NOV 11, 2019
truthdig.com/articles/bernie-sanders-has-more-diverse-support-than-you-think/
Suburban women, as Nicole
Goodkind writes in Fortune,
“[were] crucial to President Donald Trump’s election in 2016 and will be
equally crucial to his reelection campaign next year.” Recent polling and
actual election results, however, show Trump cannot take them for granted, and
the same can be said for more centrist Democrats.
Goodkind is referring to data
released from the Federal Election Commission and analyzed by the Center
for Responsive Politics that reveals women are getting involved in
elections earlier than in previous cycles. Fortune reports, “More than 1
million [women] have already donated $131 million itemized to presidential
candidates.”
And while there’s no one
candidate that’s won the hearts and minds of all women voters, it’s Bernie
Sanders who has made the most progress.
“Of all the potential 2020
candidates,” Goodkind writes, “Sanders has taken in the most money from women,
raising about $17.1 million in itemized contributions, or 40% of his total
funds.”
Many of those women are from
the suburbs, the same ones Trump needs to win. Sanders received “over $13
million in small-dollar donations from nearly 280,000 suburban women. Combining
small- and large-dollar donations, Sanders earned more than any other presidential
candidate amongst suburban women with a total of $15 million from small and
large donors alike.”
These numbers challenge the
prevailing wisdom that Democrats must be aggressively moderate to win
elections, a position that gained traction last week following Democratic
state-level wins in Kentucky,
Virginia and Pennsylvania. Sen. Mark Warner, D-Va., told The Hill on Friday
that candidates in his state won because they “ran on more moderate issues.”
He added that candidates “had
very much followed in the traditional Virginia Democratic model of we’re going
to give you responsible government, it’s going to be fiscally responsible.”
“I happen to believe that
America is a center-right country and that people want us to work across the
aisle, and what they’re most interested in is problem solving rather than
rhetoric,” Sen.
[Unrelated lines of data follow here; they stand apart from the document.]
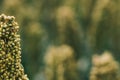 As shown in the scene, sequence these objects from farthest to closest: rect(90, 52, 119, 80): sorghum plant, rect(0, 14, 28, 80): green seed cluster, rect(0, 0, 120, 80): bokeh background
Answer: rect(0, 0, 120, 80): bokeh background → rect(90, 52, 119, 80): sorghum plant → rect(0, 14, 28, 80): green seed cluster

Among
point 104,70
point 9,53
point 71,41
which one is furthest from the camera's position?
point 71,41

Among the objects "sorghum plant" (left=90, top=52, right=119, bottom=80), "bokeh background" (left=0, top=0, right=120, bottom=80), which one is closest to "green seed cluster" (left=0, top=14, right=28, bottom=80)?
"sorghum plant" (left=90, top=52, right=119, bottom=80)

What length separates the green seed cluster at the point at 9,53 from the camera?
363 inches

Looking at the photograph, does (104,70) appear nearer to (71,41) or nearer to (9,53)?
(9,53)

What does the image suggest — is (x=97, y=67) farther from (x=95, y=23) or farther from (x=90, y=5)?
(x=90, y=5)

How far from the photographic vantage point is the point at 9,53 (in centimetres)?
924

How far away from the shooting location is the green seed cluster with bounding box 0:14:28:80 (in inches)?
363

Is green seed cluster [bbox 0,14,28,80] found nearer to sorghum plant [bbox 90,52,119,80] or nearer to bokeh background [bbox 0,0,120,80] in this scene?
sorghum plant [bbox 90,52,119,80]

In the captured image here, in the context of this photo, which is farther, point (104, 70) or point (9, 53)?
point (104, 70)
Dianne Feinstein, D-Calif., who endorsed Joe Biden, explained
to The Hill.
Brad Bannon, a Democratic
strategist and consultant, isn’t so sure. “This is bad news for Biden, it shows
he’s got a problem with the female vote,” he told Fortune, regarding the new
data about suburban women. “And when you look at the polls, women are
significantly more likely to be voting for [Sen. Elizabeth] Warren or Sanders
than Biden.”
Suburban women aren’t the only
counterintuitive demographic for a candidate whose supporters are often
referred to as “Bernie Bros”
and assumed to be young, leftist white men. In addition to Fortune’s reporting,
Foreign Policy examined political
contributions from U.S. national security agency staff, also using
data from the Center for Responsive Politics. Per Foreign Policy:
When combining contribution
amounts together, Sanders is the biggest beneficiary of national security
support, followed by [Mayor Pete] Buttigieg and Warren. Democratic front-runner
Biden and President Donald Trump trail behind those candidates, ranking no
higher than third for any one department.
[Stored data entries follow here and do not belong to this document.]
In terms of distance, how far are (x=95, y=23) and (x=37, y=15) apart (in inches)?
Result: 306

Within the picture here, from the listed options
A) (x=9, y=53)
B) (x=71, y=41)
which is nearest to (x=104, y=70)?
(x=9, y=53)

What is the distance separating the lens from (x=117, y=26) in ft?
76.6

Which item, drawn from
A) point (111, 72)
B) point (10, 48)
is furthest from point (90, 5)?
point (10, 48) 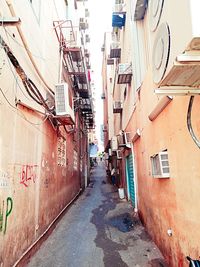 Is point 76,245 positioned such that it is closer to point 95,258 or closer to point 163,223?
point 95,258

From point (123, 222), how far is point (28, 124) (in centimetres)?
477

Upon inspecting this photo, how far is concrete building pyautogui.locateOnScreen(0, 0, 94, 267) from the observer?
12.3ft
When broken down by sector of
government, Buttigieg had the highest support from the State Department and
Sanders from the military.
Sanders, The New York Times
reported this weekend, “has collected more
money from Latino voters than any other candidate in the Democratic
field, raising three times as much from the group as Barack Obama did in 2008.”
According to a set of new
surveys from The New York Times and Siena College, the Vermont senator is
attracting “28% of
the Democratic primary vote in six swing states.”
In another poll from a crucial
state, California, conducted by the Public
Policy Institute of California, 39% of Latinos in California said they
prefer Sanders, compared to 21% for Biden and 5% for Warren.
Anthony Mercado, a 48-year-old
maintenance worker, explained Sanders’ appeal to Latinos to The
New York Times: “We’re a community of struggle, and this is a man who knows
struggle.. .. Latinos have been promised things and then the winds change. But
he’s been saying the same things ever since he started.”